• _Try it_:
Lines with the word "view" in them must be copied from the records below.

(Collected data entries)
########################################

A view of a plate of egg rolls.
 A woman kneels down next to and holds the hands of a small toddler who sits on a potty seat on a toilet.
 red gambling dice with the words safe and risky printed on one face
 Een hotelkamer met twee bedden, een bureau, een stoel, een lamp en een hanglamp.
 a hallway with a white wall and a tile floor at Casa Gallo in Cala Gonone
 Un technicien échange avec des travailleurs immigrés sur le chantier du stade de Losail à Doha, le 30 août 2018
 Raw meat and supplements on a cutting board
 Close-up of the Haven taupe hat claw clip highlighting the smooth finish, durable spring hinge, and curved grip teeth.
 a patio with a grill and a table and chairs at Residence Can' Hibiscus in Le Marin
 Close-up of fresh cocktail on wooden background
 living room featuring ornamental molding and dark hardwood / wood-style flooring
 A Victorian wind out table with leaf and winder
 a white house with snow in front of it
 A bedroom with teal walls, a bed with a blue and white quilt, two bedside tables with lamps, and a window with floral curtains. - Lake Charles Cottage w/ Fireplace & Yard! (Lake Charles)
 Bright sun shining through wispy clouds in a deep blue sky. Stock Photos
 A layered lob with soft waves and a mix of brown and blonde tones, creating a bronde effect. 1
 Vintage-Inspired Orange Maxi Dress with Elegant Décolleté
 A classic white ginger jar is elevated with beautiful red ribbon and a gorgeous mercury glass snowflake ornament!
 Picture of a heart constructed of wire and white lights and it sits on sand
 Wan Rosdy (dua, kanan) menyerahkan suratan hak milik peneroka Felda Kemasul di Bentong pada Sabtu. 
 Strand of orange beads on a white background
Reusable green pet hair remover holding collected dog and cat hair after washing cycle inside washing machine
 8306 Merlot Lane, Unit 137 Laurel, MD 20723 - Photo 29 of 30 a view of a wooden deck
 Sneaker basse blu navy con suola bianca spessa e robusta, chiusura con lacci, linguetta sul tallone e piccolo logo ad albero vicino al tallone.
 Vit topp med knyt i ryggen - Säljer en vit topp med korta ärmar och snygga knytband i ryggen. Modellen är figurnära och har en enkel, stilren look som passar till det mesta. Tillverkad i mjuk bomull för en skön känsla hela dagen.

########################################

• _Answer section_:
A view of a plate of egg rolls.
 8306 Merlot Lane, Unit 137 Laurel, MD 20723 - Photo 29 of 30 a view of a wooden deck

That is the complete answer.